B. Karar Düzeltme Sebepleri
Davalı vekili; alacak talebinin zamanaşımına uğradığını, davacının intifa hakkının sona erdiğini ikrarına rağmen geçersiz intifa şerhini tapudan fekketmediğini, davacının hukuksuz davranışları sebebiyle akaryakıt ve LPG istasyon işletmeciliğini yapamayacak duruma düştüğünden taşınmazı dava dışı firmaya 8 yıl süre ile kiraladığını, davacının haksız talepleri ile kiracı ile bayilik sözleşmesi yapılamadığını, kiracının da gerekli prosedürü tamamlayarak başka şirketin bayiliğini yapmaya başladığını, Rekabet Kurumu’nun tebliğlerine göre bayilik sözleşmeleri ile bunlara bağlı teminat nitelikle intifa sözleşmelerinin 5 yıldan fazla süreli yapılamayacağını, 15 yıl süreli olarak yapılan davaya konu intifa sözleşmesinin kuruluşundan itibaren geçersiz olduğunu, adi intifa sözleşmesi göründüğü halde sözleşmenin kefalet/teminat amacıyla akdedildiğini, muvazaa içerdiğinden bu yönüyle de geçerlilik taşımadığını, tapudan fekkinin gerektiğini, bayilik lisansı olmayan davacının istasyon bayiliği yapamayacağını, sözde intifa hakkını kullanamayacağını, fiili ve hukuki imkansızlık sebebiyle de sözleşmenin geçersiz olduğunu, asıl borç olan bayilik sözleşmesi sona erdiğinden teminat niteliğindeki intifa sözleşmesinin de sona ereceğini, davacının yükümlülüklerini yerine getirmediğini, hakim durumunu kötüye kullandığını, intifanın fekki davalarının beklenmesi gerektiğini, 213 sayılı Vergi Usul Kanunu’nun (213 sayılı Kanun) 253 üncü maddesine göre ticari defterlerin 5 yıl süre ile saklama yükümünün bulunduğunu, 6102 sayılı Türk Ticaret Kanunu’nun (6102 sayılı Kanun) 82 nci maddesinde ise saklama yükümünün 10 yıl olduğunun ifade edildiğini, Mahkeme tarafından 2021 yılında defterlerin celbinin istendiğini, 2010 yılı defterlerin saklama yükümünün sona erdiğini, bu hususun nazara alınması gerektiğini, önceki kararda cezai şart tenkis edildiği, bozma ilamının da müvekkili lehine olduğu halde aleyhe bozma yasağına aykırı karar verildiğini ileri sürerek kararın düzeltilmesini ve Mahkeme kararının kabul yönelik kısmının bozulmasına karar verilmesini talep etmiştir.

C. Gerekçe
1. Uyuşmazlık ve Hukuki Nitelendirme
Dava, alacak istemine ilişkindir.

2. İlgili Hukuk
1.1086 sayılı Hukuk Usulü Muhakemeleri Kanunu’nun (1086 sayılı Kanun) 440 ıncı ve 442 nci maddeleri.

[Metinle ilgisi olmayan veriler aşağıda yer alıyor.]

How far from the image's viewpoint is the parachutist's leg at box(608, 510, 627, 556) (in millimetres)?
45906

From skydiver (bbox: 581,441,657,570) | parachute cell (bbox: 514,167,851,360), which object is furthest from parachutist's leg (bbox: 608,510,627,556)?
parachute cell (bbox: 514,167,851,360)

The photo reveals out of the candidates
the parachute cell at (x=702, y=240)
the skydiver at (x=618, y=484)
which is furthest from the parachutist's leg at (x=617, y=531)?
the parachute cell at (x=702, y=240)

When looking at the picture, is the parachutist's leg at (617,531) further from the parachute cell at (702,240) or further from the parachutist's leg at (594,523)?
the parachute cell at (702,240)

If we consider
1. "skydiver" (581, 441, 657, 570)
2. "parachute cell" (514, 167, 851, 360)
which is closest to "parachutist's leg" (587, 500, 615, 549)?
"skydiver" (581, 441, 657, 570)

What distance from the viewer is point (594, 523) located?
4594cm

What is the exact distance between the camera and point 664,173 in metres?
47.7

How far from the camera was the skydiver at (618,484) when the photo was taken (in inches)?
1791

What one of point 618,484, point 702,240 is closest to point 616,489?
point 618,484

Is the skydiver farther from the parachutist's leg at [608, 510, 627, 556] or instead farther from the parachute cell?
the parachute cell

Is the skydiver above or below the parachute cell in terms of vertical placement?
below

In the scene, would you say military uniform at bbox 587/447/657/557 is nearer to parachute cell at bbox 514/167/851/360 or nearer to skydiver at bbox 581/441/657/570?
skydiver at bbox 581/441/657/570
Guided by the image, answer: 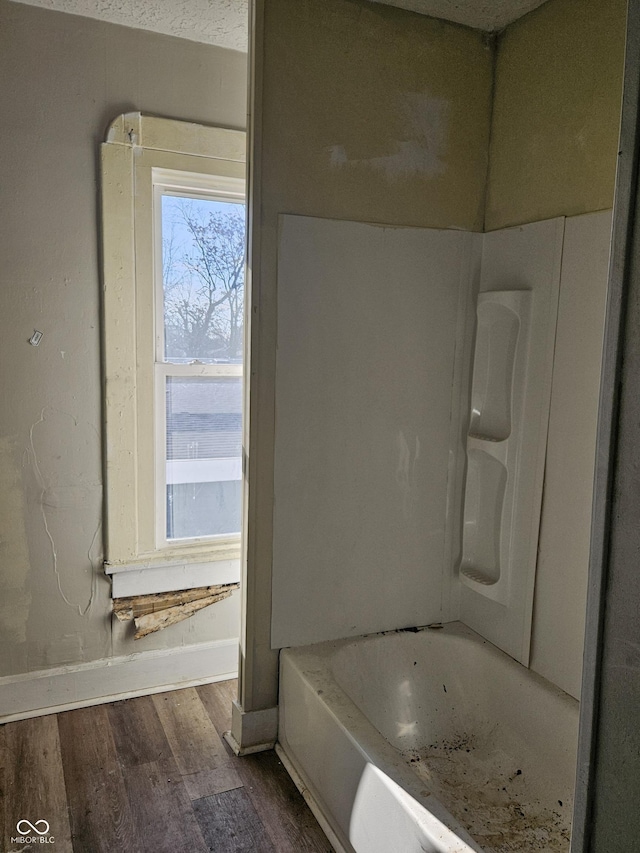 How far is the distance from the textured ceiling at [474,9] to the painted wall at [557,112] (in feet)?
0.12

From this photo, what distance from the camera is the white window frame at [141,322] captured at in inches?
94.5

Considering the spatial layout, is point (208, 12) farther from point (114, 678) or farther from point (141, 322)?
point (114, 678)

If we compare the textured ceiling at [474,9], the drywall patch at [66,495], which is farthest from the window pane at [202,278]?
the textured ceiling at [474,9]

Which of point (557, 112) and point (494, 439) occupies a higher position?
point (557, 112)

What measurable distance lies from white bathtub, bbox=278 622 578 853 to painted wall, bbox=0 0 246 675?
93 centimetres

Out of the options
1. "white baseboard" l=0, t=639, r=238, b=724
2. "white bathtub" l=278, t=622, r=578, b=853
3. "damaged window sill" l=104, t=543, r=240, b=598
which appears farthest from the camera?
"damaged window sill" l=104, t=543, r=240, b=598

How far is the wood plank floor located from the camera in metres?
1.93

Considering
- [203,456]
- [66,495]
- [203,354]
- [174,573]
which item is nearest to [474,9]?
[203,354]

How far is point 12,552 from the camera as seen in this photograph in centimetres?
243

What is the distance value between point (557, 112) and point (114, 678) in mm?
2584

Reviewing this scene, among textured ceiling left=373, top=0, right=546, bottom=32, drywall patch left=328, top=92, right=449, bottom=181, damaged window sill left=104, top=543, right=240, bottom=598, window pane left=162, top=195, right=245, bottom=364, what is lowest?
damaged window sill left=104, top=543, right=240, bottom=598

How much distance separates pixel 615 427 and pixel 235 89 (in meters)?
2.25

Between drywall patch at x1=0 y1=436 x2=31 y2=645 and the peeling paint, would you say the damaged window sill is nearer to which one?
drywall patch at x1=0 y1=436 x2=31 y2=645

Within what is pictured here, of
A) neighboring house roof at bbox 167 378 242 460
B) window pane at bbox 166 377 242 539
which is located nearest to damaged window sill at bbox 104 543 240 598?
window pane at bbox 166 377 242 539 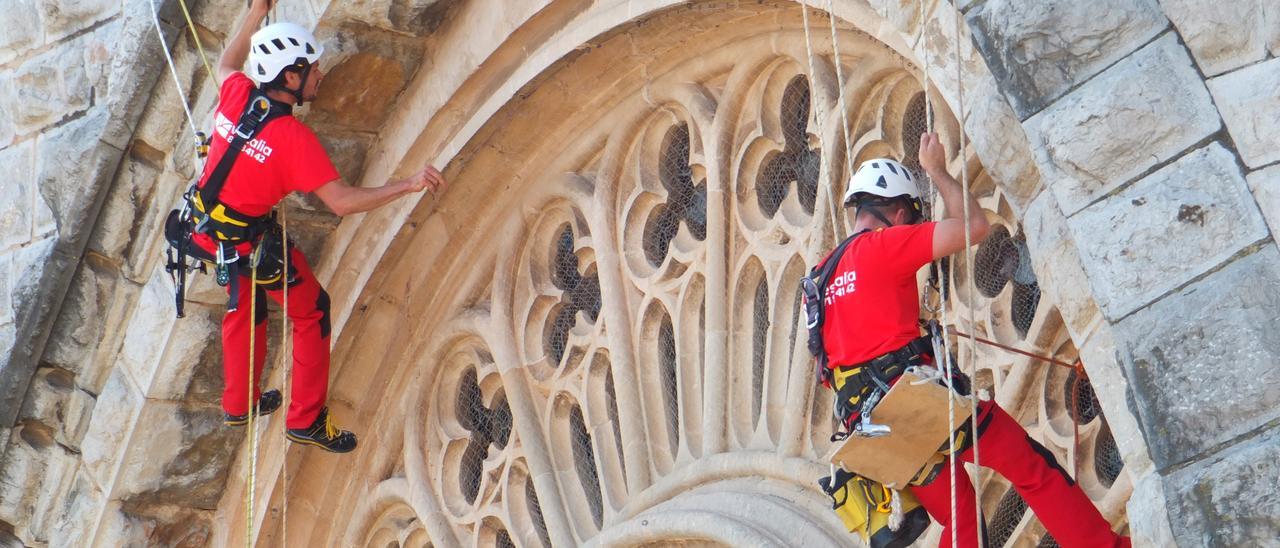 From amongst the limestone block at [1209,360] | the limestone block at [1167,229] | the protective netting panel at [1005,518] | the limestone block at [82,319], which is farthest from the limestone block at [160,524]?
the limestone block at [1209,360]

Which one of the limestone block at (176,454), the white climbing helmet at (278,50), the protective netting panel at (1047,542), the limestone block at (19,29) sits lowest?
the protective netting panel at (1047,542)

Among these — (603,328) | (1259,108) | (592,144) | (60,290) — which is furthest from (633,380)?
(1259,108)

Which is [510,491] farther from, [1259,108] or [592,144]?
[1259,108]

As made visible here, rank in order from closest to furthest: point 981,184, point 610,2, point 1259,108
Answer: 1. point 1259,108
2. point 981,184
3. point 610,2

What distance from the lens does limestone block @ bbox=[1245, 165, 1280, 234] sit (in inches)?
189

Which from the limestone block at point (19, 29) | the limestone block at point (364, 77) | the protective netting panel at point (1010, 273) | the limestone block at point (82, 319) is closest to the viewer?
the protective netting panel at point (1010, 273)

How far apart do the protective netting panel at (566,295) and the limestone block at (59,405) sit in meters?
1.78

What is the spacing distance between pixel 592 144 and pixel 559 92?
0.34 m

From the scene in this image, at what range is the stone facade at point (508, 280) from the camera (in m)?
7.21

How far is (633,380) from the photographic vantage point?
26.3 feet

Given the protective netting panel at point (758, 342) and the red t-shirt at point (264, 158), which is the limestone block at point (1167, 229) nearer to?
the protective netting panel at point (758, 342)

2. 818 sayılı Borçlar Kanunu’nun (818 sayılı Kanun) 158 inci maddesi.

3. Değerlendirme
Dosyadaki yazılara, mahkeme kararında belirtilip Yargıtay ilamında benimsenen gerektirici sebeplere göre, davalı vekilinin 1086 sayılı Kanun’un 440 ıncı maddesinde sayılan hallerden hiçbirisini ihtiva etmeyen karar düzeltme isteminin reddi gerekir.

VI. KARAR
Açıklanan sebeplerle;
Davalı vekilinin karar düzeltme isteminin 1086 sayılı Kanun’un 442 nci maddesi gereğince REDDİNE,

Aşağıda yazılı bakiye 187,55 TL karar düzeltme ret harcının ve 3506 sayılı Yasa ile değiştirilen 1086 sayılı Kanun’un 442 nci maddesinin üçüncü fıkrası uyarınca takdiren 1.581,00 TL para cezasının karar düzeltme isteyenden alınarak Hazine’ye gelir kaydedilmesine,

26.10.2023 tarihinde oy birliğiyle karar verildi.